Problem 1—Anyone who has worked with spectral analysis knows that a squarewave contains all of the odd harmonics, where the amplitude is one over the frequency ratio. In other words, if the fundamental frequency has an amplitude of one, the third harmonic has an amplitude of one third, and so on.

What is special about the following waveform, which can be constructed by taking two squarewaves and adding them together after shifting one by one-sixth of a period relative to the other?

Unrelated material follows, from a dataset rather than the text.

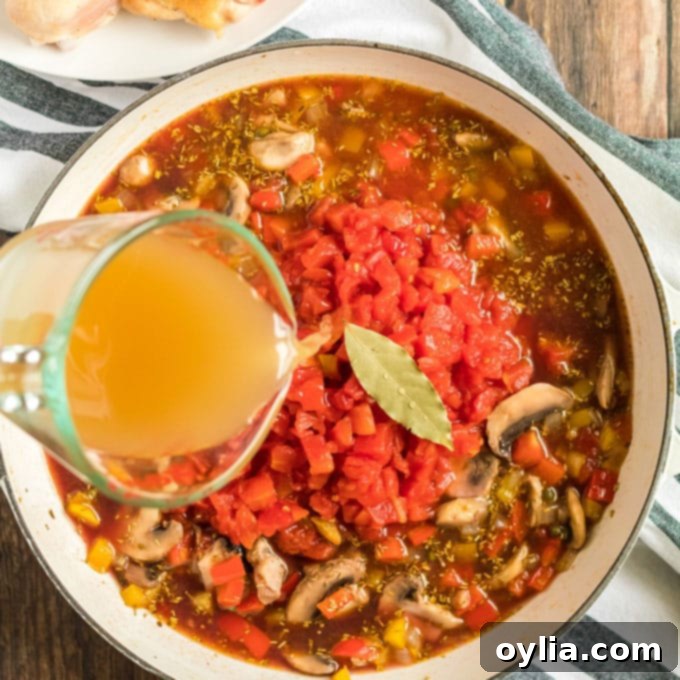 Diced tomatoes, chicken broth, and a bay leaf added to the simmering vegetables and wine in a skillet.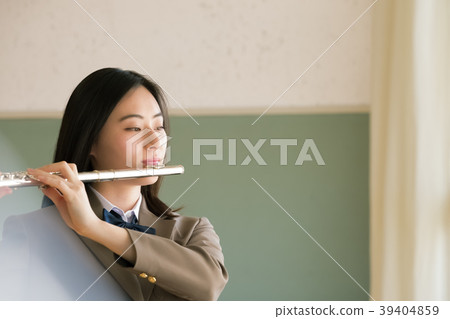 Female student blowing a flute Female student blowing a flute 39404859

Draw a phasor diagram that explains the special characteristics of the waveform.

Answer:

The spectrum of the waveform contains no third harmonic at all, nor any multiples of the third harmonic (9th, 15th, etc.). The waveform contains only the fundamental, and the 5th, 7th, 11th, etc. harmonics.

If we set the 0° point of the waveform at the center of the rising zero crossing, as shown below, the symmetry of the phasor diagram becomes more obvious.

Relative to the 0° point, the A waveform's fundamental crosses zero 30° earlier (–30°) and the B waveform's fundamental does so 30° later (+30°). The sum of these two components aligns with the 0° axis, and has a magnitude equal to 1.732 × the amplitude of A or B alone.

The third harmonics have phase shifts that are 3× that of the fundamentals, putting them at –90° and +90° on the phasor diagram. Clearly, they directly cancel each other, leaving none of that component to appear in the output.

The fifth harmonics have phase shifts of 5× the fundamentals, so they add in the same proportion as the fundamental, resulting in no net change in amplitude relative to the original squarewave alone.